Faster Audio Decoding and Encoding Coming To Ogg and FLAC (phoronix.com)
FLAC and Ogg now have faster audio encoding and decoding capabilities thanks to recent code improvements. An anonymous reader writes: Robert Kausch of the fre:ac audio converter project informed news outlet Phoronix about recent changes he has made to FLAC and Ogg for bolstering faster performance. Kausch says he updated the CRC checks within FLAC and Ogg to a faster algorithm and those patches have now been accepted upstream. The Ogg and FLAC updates were merged this week for using the optimized CRC algorithm. As a result of this, encoding and decoding FLAC is now 5 percent faster, while encoding and decoding Ogg FLAC is 10 percent and 15 percent faster, respectively. Opus sees about one percent faster decoding, while Vorbis does decoding at two percent faster pace.
So after the latest patches for speculative execution vulnerabilities, you'll end up with performance about the same as you used to have.
While I like to see faster algorithms in general as a good thing. But some questions.
Where does Flac and ogg stand on Quality/encoding speed compared to others?
Will this range make it more competitive to others, or is there too big of a gap?
For those who move to the new version how much time will they really spend. Will they just get a minute of their time a day or hours?
If something is so important that you feel the need to post it on the internet... It probably isn't that important.
Man, we must be reaching some kind of technological plateau. I'm all for speed gains... but come on. I guess compiler flags would potentially make more difference than that.
Basically all Android devices. Built-in ringtones and notification sounds are all in .ogg.
Correct me if I'm wrong, and someone will, but I think Spoify uses it.
I read at +2. If your post doesn't reach that level I will not see or respond to it.
They are the official reference codecs provided by Xiph Foundation.
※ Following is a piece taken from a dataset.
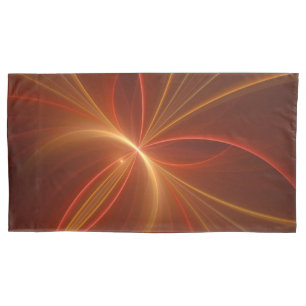 Mystieke Abstracte Fractal Art Moderne Warme Kleur Kussensloop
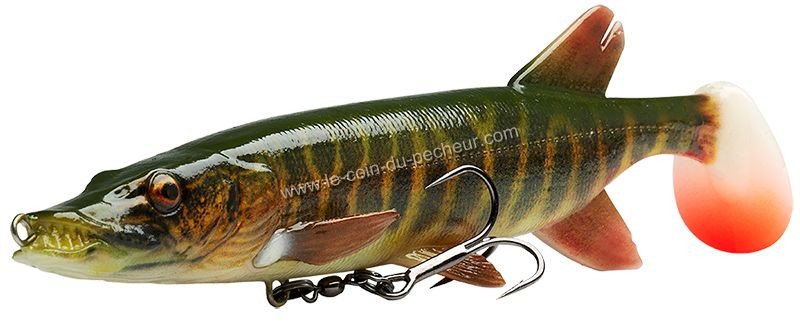 Leurre Souple Savage Gear 4D Pike Shad monté 20cm 60g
These are used on every Android device and in every Linux distribution. Most software that will process FLAC or Ogg uses these libraries too.
They are easily the most commonly used implementations.
It's a new algorithm to calculate the same checksum. It doesn't break compatibility with anything.
FLAC and Vorbis reference decoders are both lacking any processor specific optimizations, so a new checksum algorithm is only a fraction of the potential for optimization. For Vorbis, there is Tremor as an alternative, which does have some ARM specific optimization, but for FLAC the reference codec is all there is.